Algo parecido ocurrió con la obertura de Don Juan, considerada generalmente como la mejor de las suyas, y que fue compuesta, no obstante, durante la noche anterior a la representación, después del ensayo general. Hacia las once de la noche, cuando se retiró a su habitación, Mozart quiso que su mujer le preparase un ponche, y se quedara con él para impedirle dormirse. Ella se quedó, pues, contándole cuentos de hadas y narraciones extravagantes, que le hicieron reír hasta verter lágrimas. En esto el ponche hizo su efecto y le dio tal sopor que sólo se despabilaba mientras hablaba su mujer, y cuando no, se caía dormido. Los esfuerzos que hacía para vencer el sueño, los pasos continuos del sueño a la vigilia la fatigaron de tal manera, que su mujer le convenció de que se tomara algún descanso, prometiéndole despertarle al cabo de una hora. El se durmió tan profundamente, que le dejó dormir un par de horas. A las cinco de la madrugada le despertó. Había convocado a los copistas de música para las siete, y cuando llegaron, la obertura estaba terminada. Apenas tuvieron tiempo de escribir las copias necesarias para la orquesta, y los músicos tuvieron que ejecutarla sin ensayo. Algunas personas pretenden conocer en esta obertura los pasajes en los cuales Mozart era vencido por el sueño y aquellos en los que se despertaba sobresaltado.»

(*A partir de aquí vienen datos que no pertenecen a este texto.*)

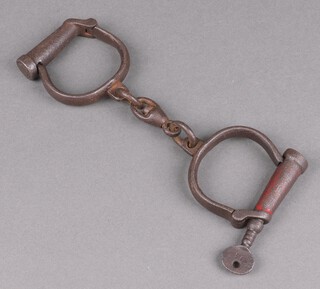 A pair of 19th Century iron handcuffs complete with key, no.95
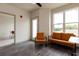 Open living room with a view of the kitchen, featuring leather seating and wood-look floors at 2204 Gathering Square Ct, Fuquay Varina, NC 27526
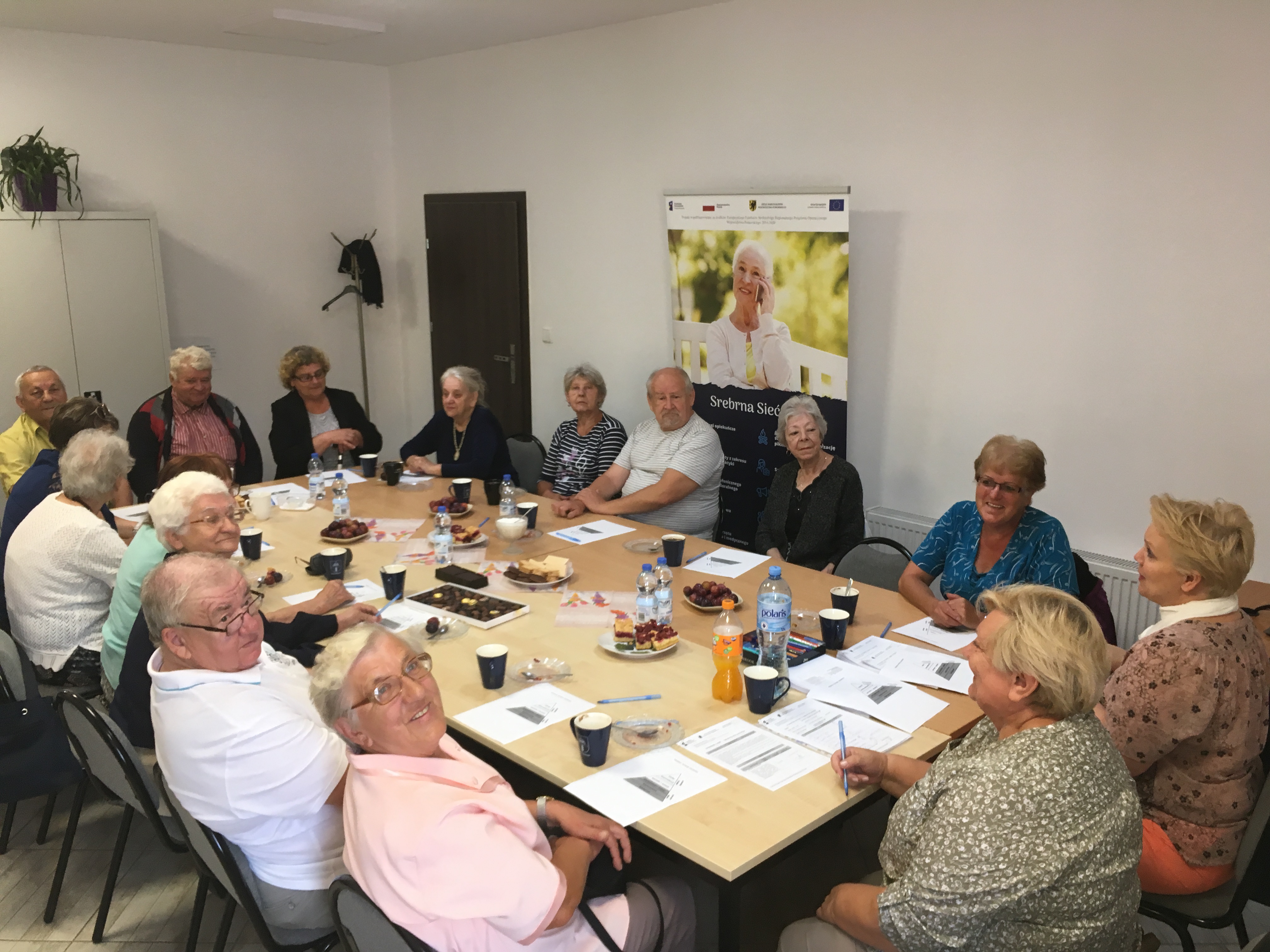 Seniorzy skupieniu wokół stołu w sali konferencyjnej ośrodka pomocy społecznej, wsłuchujący się w wypowiedzi prowadzących spotkanie trenerek.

Stendhal. Vida de Mozart. Casimiro. Madrid. 2017. pp. 36-45.
Stendhal (1783 -1842) es uno de los grandes escritores franceses. Sus novelas más célebres son Rojo y negro y La cartuja de Parma. Su Vida de Mozart fue publicada en 1815
La pérdida frecuente de contacto con la realidad y la concentración en su propio mundo son características propias de las personas autistas y valga la verdad muchos son genios.
Gracias Bárbara
Estás en lo cierto. Muchas gracias por tu comentario y un saludo.
Exactamente lo mismo estaba pensando.
Seguro que hoy tendría un tratamiento específico para esta actitud de este súper genio , o no, vete tú a saber…
Que interesantes , que forma tan enganchante tienes de contar. Muchísimas gracias
Muy probablemente. Mozart murió joven y dejó un legado inmortal. Le admiramos profundamente. Muchas gracias por tu comentario y un fuerte abrazo.
Lo leí y lo sentí, como un cuento para menor de buenas noches. Gracias.